▸ Task to carry out:
After finding the line with "Kılıçdaroğlu’na Pankartlı Sloganlı Tepki" in the data below, set down exactly each line through the one with "Archie Series Comics", inclusive, and stop there.

--- START ---

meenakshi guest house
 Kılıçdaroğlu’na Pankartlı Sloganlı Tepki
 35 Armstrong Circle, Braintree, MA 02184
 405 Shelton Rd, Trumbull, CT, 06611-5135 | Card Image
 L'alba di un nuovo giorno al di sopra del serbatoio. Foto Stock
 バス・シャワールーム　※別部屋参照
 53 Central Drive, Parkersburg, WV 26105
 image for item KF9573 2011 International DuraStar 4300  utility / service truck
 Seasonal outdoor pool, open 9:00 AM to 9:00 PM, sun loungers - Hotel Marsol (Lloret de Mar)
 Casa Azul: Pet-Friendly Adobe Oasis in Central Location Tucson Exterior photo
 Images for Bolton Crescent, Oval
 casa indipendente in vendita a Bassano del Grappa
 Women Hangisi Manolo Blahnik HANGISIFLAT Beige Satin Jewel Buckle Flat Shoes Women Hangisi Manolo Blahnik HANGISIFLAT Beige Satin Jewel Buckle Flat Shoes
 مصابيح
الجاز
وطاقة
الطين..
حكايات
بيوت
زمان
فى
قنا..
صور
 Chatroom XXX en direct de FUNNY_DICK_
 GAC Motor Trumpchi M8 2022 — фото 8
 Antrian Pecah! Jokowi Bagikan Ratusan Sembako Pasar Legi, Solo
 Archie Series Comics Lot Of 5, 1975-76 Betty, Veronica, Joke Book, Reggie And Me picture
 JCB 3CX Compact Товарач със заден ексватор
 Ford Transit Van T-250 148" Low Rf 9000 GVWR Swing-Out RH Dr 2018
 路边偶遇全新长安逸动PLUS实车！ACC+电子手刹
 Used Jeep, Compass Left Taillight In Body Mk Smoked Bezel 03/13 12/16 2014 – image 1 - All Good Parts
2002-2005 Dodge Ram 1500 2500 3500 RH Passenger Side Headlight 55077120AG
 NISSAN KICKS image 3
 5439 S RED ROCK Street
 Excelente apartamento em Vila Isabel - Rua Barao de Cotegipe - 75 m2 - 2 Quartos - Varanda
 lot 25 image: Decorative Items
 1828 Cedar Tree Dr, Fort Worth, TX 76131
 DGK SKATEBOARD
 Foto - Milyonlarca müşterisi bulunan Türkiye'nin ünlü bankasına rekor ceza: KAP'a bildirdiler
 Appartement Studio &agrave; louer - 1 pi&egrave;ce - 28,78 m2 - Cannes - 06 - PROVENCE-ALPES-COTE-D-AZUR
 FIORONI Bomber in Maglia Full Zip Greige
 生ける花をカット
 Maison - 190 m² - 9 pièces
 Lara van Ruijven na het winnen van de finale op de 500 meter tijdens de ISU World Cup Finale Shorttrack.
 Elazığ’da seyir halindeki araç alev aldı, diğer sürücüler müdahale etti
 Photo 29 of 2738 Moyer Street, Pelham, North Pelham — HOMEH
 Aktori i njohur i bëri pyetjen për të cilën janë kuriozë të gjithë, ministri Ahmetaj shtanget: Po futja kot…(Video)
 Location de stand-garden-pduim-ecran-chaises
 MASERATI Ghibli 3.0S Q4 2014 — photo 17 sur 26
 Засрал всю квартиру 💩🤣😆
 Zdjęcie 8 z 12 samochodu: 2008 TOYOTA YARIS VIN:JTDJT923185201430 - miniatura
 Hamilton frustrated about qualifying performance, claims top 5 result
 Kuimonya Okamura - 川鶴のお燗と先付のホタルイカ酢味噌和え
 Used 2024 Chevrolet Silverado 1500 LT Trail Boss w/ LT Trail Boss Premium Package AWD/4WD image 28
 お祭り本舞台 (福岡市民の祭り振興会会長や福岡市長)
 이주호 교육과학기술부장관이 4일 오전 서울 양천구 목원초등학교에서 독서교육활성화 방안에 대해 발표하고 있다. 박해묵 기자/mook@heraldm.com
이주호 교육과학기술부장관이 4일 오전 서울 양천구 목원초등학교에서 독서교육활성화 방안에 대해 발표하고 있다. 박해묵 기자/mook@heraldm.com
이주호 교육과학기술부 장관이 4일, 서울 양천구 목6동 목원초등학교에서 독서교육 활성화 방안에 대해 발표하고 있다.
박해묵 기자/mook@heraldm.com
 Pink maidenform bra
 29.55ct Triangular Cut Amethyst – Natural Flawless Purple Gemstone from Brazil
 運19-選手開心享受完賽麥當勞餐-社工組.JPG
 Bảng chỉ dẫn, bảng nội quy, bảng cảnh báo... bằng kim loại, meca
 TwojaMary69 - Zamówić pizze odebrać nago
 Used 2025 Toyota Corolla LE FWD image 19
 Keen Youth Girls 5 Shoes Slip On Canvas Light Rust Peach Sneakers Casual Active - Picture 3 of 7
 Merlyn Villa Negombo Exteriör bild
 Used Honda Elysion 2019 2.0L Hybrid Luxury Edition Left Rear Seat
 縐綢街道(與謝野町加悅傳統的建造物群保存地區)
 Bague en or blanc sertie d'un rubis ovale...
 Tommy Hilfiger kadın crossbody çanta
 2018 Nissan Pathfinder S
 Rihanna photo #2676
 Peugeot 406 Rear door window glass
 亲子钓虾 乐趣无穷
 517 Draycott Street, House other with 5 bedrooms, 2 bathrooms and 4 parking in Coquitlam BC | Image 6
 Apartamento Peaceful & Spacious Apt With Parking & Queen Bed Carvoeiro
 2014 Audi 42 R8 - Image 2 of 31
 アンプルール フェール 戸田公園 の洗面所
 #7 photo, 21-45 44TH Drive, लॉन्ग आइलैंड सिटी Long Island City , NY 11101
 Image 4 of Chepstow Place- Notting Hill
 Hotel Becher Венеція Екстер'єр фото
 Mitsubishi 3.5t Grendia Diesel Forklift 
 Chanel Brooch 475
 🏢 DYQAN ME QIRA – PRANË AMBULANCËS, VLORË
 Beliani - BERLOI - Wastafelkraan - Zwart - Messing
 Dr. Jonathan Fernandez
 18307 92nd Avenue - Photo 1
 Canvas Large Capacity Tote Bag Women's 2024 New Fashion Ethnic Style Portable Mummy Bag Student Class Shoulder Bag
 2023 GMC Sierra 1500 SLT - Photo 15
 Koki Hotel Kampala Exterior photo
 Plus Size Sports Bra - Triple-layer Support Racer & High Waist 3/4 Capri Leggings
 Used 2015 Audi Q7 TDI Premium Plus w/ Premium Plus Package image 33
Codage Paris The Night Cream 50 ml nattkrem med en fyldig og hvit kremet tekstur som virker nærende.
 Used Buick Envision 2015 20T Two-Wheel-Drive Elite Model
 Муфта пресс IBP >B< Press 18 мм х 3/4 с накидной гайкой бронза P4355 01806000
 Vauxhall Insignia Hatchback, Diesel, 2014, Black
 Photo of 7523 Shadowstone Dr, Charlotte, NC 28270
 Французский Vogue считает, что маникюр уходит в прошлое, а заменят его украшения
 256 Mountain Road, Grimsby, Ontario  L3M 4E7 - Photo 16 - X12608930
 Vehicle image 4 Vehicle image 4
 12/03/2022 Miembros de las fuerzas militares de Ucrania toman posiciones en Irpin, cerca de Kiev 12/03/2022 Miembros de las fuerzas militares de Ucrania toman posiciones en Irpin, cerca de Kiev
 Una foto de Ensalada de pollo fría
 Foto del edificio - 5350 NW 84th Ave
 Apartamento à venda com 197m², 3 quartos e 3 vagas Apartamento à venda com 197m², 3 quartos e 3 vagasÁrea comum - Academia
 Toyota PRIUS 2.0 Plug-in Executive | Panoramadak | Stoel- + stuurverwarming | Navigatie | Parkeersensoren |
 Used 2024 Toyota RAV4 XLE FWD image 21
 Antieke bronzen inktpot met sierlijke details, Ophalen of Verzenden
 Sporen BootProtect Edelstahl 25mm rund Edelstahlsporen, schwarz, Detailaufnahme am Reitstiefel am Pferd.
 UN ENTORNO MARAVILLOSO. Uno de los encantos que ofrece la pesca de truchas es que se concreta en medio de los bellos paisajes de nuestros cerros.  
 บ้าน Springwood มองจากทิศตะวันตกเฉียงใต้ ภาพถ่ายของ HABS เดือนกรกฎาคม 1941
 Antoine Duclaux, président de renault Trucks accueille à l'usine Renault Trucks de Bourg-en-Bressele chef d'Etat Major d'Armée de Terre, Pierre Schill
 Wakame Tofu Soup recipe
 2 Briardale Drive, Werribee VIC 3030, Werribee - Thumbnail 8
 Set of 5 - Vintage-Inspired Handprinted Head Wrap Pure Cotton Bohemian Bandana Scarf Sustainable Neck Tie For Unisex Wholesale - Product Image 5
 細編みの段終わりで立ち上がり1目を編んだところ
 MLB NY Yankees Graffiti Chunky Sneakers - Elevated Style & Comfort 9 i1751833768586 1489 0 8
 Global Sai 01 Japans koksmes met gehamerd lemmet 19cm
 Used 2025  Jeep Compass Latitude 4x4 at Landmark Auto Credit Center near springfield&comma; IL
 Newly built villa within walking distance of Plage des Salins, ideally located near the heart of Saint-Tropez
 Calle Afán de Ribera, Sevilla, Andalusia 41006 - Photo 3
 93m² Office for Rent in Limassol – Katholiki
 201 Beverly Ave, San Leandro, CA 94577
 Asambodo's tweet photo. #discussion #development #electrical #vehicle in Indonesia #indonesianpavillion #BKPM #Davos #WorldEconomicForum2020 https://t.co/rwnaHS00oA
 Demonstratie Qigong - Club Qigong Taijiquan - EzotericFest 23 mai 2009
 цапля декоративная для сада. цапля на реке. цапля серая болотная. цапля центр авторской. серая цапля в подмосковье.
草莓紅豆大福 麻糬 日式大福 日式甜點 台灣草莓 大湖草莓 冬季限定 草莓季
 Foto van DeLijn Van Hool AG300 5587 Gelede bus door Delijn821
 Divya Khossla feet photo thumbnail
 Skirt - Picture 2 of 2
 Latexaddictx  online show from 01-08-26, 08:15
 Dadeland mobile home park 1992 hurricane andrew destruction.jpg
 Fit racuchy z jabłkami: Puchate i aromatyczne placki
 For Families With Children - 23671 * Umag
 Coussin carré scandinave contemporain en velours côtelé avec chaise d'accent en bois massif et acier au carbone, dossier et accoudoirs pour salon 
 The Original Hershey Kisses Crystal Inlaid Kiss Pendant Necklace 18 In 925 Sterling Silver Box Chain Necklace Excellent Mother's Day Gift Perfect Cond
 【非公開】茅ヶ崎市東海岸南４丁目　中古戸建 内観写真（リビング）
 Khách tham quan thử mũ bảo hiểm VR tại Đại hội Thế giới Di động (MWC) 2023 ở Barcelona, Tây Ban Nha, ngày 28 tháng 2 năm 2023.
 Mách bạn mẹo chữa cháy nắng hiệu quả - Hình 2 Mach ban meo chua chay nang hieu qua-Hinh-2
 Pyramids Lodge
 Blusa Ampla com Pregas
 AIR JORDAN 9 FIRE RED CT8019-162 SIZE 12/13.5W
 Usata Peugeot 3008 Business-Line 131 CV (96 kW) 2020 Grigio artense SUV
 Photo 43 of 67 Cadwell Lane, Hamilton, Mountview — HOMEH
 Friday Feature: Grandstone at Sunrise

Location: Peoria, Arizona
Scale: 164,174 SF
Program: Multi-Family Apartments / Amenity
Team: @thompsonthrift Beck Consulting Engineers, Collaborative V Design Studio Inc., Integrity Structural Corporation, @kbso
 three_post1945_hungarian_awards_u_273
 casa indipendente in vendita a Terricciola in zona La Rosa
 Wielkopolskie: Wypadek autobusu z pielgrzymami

--- END ---

▸ Output below:
 Kılıçdaroğlu’na Pankartlı Sloganlı Tepki
 35 Armstrong Circle, Braintree, MA 02184
 405 Shelton Rd, Trumbull, CT, 06611-5135 | Card Image
 L'alba di un nuovo giorno al di sopra del serbatoio. Foto Stock
 バス・シャワールーム　※別部屋参照
 53 Central Drive, Parkersburg, WV 26105
 image for item KF9573 2011 International DuraStar 4300  utility / service truck
 Seasonal outdoor pool, open 9:00 AM to 9:00 PM, sun loungers - Hotel Marsol (Lloret de Mar)
 Casa Azul: Pet-Friendly Adobe Oasis in Central Location Tucson Exterior photo
 Images for Bolton Crescent, Oval
 casa indipendente in vendita a Bassano del Grappa
 Women Hangisi Manolo Blahnik HANGISIFLAT Beige Satin Jewel Buckle Flat Shoes Women Hangisi Manolo Blahnik HANGISIFLAT Beige Satin Jewel Buckle Flat Shoes
 مصابيح
الجاز
وطاقة
الطين..
حكايات
بيوت
زمان
فى
قنا..
صور
 Chatroom XXX en direct de FUNNY_DICK_
 GAC Motor Trumpchi M8 2022 — фото 8
 Antrian Pecah! Jokowi Bagikan Ratusan Sembako Pasar Legi, Solo
 Archie Series Comics Lot Of 5, 1975-76 Betty, Veronica, Joke Book, Reggie And Me picture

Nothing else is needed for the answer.